A recent study found that kosher-certified chicken contains more antibiotic-resistant E. coli than non-kosher chicken, a result that the study’s authors suggest “belies the historical roots of kosher as a means to ensure food safety.”
The study concludes that the higher prevalence of E. coli in kosher chicken suggests that the use of antibiotics in the kosher production chain “may be more intensive” than in conventional production, but that it “is not immediately obvious where in the kosher chicken production process antibiotic use might be more prevalent, or where exposure to antibiotic-resistant organisms is more likely.”

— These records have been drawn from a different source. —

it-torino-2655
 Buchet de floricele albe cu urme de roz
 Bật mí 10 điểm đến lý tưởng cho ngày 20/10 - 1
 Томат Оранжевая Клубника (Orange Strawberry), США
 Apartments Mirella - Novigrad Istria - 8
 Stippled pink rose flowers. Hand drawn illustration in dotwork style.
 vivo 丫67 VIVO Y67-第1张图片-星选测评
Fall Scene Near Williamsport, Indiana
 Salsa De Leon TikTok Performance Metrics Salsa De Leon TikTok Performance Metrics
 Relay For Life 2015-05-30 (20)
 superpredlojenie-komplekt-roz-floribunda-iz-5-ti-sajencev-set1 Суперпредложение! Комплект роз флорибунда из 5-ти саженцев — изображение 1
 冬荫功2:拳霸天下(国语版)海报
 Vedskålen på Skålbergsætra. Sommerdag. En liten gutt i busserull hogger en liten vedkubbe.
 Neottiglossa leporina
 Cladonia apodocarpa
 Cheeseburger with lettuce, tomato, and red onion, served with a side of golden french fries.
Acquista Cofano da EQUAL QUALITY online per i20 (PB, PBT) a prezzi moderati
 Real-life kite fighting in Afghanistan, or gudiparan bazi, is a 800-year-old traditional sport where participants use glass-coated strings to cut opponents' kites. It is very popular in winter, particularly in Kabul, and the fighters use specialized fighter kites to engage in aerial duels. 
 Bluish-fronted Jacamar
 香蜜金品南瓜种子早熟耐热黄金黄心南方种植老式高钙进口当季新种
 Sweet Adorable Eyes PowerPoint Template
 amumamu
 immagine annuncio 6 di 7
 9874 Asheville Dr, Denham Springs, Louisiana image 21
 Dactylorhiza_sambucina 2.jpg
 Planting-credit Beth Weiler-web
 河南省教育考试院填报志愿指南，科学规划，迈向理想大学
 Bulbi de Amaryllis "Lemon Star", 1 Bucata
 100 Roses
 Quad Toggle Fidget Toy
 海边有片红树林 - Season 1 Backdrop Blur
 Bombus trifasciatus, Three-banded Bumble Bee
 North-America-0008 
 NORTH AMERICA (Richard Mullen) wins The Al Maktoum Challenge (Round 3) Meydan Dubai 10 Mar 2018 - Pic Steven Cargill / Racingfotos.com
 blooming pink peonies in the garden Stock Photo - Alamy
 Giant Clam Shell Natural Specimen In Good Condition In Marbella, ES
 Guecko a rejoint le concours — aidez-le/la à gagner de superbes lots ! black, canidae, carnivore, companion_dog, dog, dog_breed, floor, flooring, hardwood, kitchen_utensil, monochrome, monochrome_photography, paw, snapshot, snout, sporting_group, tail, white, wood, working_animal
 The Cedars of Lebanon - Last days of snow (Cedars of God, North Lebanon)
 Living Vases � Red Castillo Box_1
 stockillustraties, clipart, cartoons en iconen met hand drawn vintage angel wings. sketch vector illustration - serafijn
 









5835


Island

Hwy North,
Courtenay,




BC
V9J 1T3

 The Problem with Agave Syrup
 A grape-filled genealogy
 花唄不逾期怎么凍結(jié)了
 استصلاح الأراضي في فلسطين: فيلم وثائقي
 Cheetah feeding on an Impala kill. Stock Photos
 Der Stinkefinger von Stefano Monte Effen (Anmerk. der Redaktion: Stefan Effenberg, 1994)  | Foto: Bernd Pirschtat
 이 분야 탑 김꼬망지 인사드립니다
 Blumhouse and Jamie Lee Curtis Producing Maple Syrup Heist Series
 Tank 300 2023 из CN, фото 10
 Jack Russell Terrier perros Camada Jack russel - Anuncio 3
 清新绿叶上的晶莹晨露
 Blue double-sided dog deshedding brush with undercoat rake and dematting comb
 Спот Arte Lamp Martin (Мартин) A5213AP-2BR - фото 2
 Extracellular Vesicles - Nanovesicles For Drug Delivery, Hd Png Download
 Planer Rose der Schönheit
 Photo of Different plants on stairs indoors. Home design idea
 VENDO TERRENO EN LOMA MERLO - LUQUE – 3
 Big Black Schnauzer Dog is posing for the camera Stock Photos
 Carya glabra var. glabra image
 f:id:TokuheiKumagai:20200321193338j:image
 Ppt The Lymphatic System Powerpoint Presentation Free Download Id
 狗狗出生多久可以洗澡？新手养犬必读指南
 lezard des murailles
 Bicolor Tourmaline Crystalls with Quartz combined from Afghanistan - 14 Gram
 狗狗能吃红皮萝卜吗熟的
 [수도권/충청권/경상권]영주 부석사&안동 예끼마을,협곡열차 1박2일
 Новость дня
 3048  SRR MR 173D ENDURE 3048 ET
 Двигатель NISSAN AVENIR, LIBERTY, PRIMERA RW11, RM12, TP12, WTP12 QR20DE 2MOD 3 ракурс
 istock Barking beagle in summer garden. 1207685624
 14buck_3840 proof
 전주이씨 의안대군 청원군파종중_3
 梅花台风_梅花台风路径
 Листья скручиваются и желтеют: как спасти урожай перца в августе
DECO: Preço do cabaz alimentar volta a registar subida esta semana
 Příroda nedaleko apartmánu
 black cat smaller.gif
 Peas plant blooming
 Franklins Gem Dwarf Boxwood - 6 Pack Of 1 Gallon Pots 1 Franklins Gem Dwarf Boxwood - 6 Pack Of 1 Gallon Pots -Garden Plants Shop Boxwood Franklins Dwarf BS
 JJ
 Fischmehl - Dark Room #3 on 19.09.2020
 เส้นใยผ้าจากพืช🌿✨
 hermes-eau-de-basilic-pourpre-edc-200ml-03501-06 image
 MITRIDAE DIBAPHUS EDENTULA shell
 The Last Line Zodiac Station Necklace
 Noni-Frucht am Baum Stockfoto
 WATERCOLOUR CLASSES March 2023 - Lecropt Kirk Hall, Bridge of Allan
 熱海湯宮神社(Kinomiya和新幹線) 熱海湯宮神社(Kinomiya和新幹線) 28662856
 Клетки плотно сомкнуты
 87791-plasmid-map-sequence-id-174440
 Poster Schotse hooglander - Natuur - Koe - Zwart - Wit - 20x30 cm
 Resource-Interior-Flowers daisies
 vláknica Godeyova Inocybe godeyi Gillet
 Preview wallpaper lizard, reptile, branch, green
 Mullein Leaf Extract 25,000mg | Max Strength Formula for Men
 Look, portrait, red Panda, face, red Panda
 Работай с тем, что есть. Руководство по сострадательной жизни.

Kosher production, the authors explain, “is inherently predicated on religious requirements. For kosher meat, the major requirements are that it must be from animals that have split hooves and chew their cud, it must not be mixed with dairy products, and all equipment used must be used exclusively for kosher food. Animals must be slaughtered ‘humanely’, and meat is typically salted to remove blood rapidly, a practice that has been shown to reduce the microbial load. Unlike for organic and RWA [raised without antibiotics], kosher poultry is not regulated by Federal laws but rather by private certification organizations, and thus the specific practices vary.”
Although this study raises important questions about food safety that merit further investigation, it does little to advance understanding about kosher poultry production or kosher certification.
To begin with, kosher poultry production is subject to the same USDA inspection under the Poultry Products Inspection Act as all other forms of poultry production. Although it is true that the kosher status of poultry is certified by non-governmental agencies, this does not in any way exempt kosher poultry production from the federal food-safety regime.
Second, the kosher status of poultry is determined by whether the particular species of bird is permitted by Jewish law, slaughtered according to carefully prescribed religious procedures, passes a religious post-slaughter inspection of the carcass for signs of any illness that would render the meat non-kosher, and has blood removed through soaking and salting. This is all in addition to government inspection. (For obvious reasons, the restrictions cited by study’s authors concerning split hooves and chewing cud are not relevant to kosher poultry production.)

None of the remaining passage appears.